If connectivity is becoming the basis of a new geopolitics, the China-Pakistan Economic Corridor (CPEC) should be rated the year’s most potent symbol of this 21st century version of the Great Game. A Great Game whose outwards manifestations are multi-lane highways, pipelines and container traffic. The $46 billion CPEC is the flagship project within the even more ambitious Belt-Road programme of Chinese leader Xi Jinping, a transcontinental infrastructure project that would effectively convert the Middle Kingdom into the logistics hub of Eurasia and, potentially, the centre of the global economy.
The CPEC functions on a number of different levels. Symbolically it would be potent evidence of what economic benefits a country that allies with Beijing can expect. A rough comparison would be the Marshall Fund, the programme by which the United States rebuilt war-torn Europe, reworked the very economic structure of that continent and showcased its arrival as a superpower. Chinese officials themselves speak of how the CPEC will not be just about trade and transit, it will be about bringing stability to Pakistan. Taming, as it were, a rogue state with poured concrete. And, if successful, Beijing would be able to argue it succeeded where Washington had failed.

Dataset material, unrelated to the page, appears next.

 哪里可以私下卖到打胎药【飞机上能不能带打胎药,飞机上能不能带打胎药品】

On another level, CPEC would also be a sign of the ability of the Chinese government to act strategically on a grand scale. This is not something that comes naturally to Beijing. Even the all-powerful Communist Party is known to be nervous about domestic reaction to its foreign ventures. One reason China’s foreign aid has been grants rather than loans has been the negative social media reaction it gets at home to the gifting of money to foreigners. The Belt-Road has also received criticism. Completing the CPEC would be evidence its public will support an expensive project of questionable economic benefits but great strategic consequence. Beijing’s recent imposition of capital controls is therefore not a good sign. It signals economic indigestion at the amount of capital flowing out of China.

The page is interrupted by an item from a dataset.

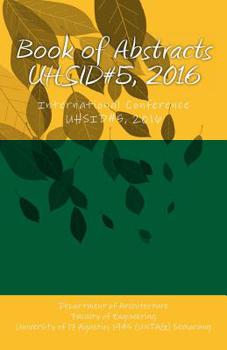 Paperback Book of Abstracts: International Conference UHSID#5, 2016 Book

The CPEC, finally, will be a test of China’s ability to work holistically in a foreign land. The China and Pakistan relationship has so far been military-to-military. Building CPEC will mean working with almost every stakeholder in Pakistani society, not traditionally a strong point of Chinese foreign policy. The recent report by the Federation of Pakistani Chambers of Commerce complaining that the flood of Chinese capital and firms in the country was marginalising local business is a case in point. And Beijing is rightly nervous about the vulnerability of its workers to Balochi insurgents and Taliban militants. That the CPEC has also become a major thorn in Sino-Indian relations is almost beside the point. In the coming years the corridor will be a test not of Chinese engineering, but of that country’s ability to use its influence on a whole host of fronts – and how ready it is to be rules-making superpower.